Are his behaviors worse because he hates being in public school? Rabbi K., this is all your fault! My anger simmered for years, growing to a rapid boil. I came to the point where I could hardly look at this principal. You ruined my child! And you call yourself an educator? Any time I saw him, and even when I didn’t, I raged. And I was known in my community as a gentle person, head of a chesed organization. No one knew of my dark side.
Years passed. Every so often I made the dreaded call, asking the day school if they would take Yanky back. Their answer remained a solid no. His issues were too big; he could not succeed there. The doors remained closed.
In sixth grade, we tried sending Yanky out of town to a yeshivah for kids like him. He had a mostly successful year, but by seventh grade, something went awry. He got kicked out of three schools that year, and we finally just brought him home and put him back in public school. Our hearts were broken anew.

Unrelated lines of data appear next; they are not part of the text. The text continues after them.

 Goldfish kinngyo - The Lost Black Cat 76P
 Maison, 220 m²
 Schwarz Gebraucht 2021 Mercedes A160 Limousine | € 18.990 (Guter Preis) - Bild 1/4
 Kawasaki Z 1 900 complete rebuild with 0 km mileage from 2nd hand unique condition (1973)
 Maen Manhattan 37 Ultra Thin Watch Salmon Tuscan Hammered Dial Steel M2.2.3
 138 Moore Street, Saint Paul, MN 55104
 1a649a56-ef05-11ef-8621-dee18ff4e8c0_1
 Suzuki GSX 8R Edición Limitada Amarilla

Within a year, every vestige of Yanky’s Yiddishkeit was gone. Thanks a lot, Rabbi K. Maybe if you’d kept him in a kosher environment this would never have happened. Maybe.…
One year before Rosh HaShanah, I met with Rabbi K. I was tired of being consumed by anger; I wanted to get rid of it and get on with life. It was time to forgive.
“I’d like to forgive you,” I began. “But I need you to apologize.”
“I’m sorry for causing you pain,” he said. “But truth be told, I should have expelled him long before I did.”
If possible, my fury reached a new level.
When Rabbi K.’s wife got sick with a terminal illness, I was frightened.
Did my hatred cause this terrible thing to happen to you, Rabbi K.? I wanted you to leave our community, true, and never come back, but in good health. I never wanted your wife to get sick. I wondered and worried. How many stories had I read of people not having children or not finding their zivug because of issues like this, where one side was in pain from a wrongdoing and there hadn’t been reparation or resolution?
In the nursing home where I worked, a resident and I were talking.
“I learned to just let things go,” she told me one day as I sat beside her and listened. “I picture myself holding a pretty pink balloon, and then I let it go. I watch it float freely up to the clouds until I can’t see it anymore. There go all of my worries, concerns, stress. I just let them go.”
I’m going to try that.
As I davened, I’d envision my anger in that pink balloon, and feel a temporary relief as I watched it float away.
But it always came back.
And then it was the day of my third child’s wedding. “There’s an inyan for parents to be mochel everyone on the day of a child’s wedding,” my husband informed me.
I so want my son and his kallah to have a good life. I so want them to build a bayis ne’eman ad meah v’esrim in good health. I wanted our couple to have the best possible foundation and the most wonderful future. Could I do it? For them?
I took out my siddur. I closed my eyes and whispered, “I forgive you, Rabbi K. You were only the messenger. Okay, you could have handled things more professionally, more humanely. But Hashem obviously wanted Yanky and us to have these nisyonos, and ultimately, it’s all for the best. We know that. Mochel lach, mochel lach, mochel lach.…” Hot tears streamed down my face as I freed my heart of the anger that had been locked inside for the past nine years.
While we were away for our simchah, we heard about a yeshivah that catered to boys with issues like Yanky’s. They were willing to give him a try. And he was ready for a new start. We held our breath and came home without him.
A week later, we got a letter. Mazel tov! Yanky was accepted.
He’s still there, in a place where he is davening, wearing tefillin, eating kosher, keeping Shabbos, and learning Torah for the first time in years. I am afraid to hope, yet I boldly allow a flicker to kindle. And let it go on burning.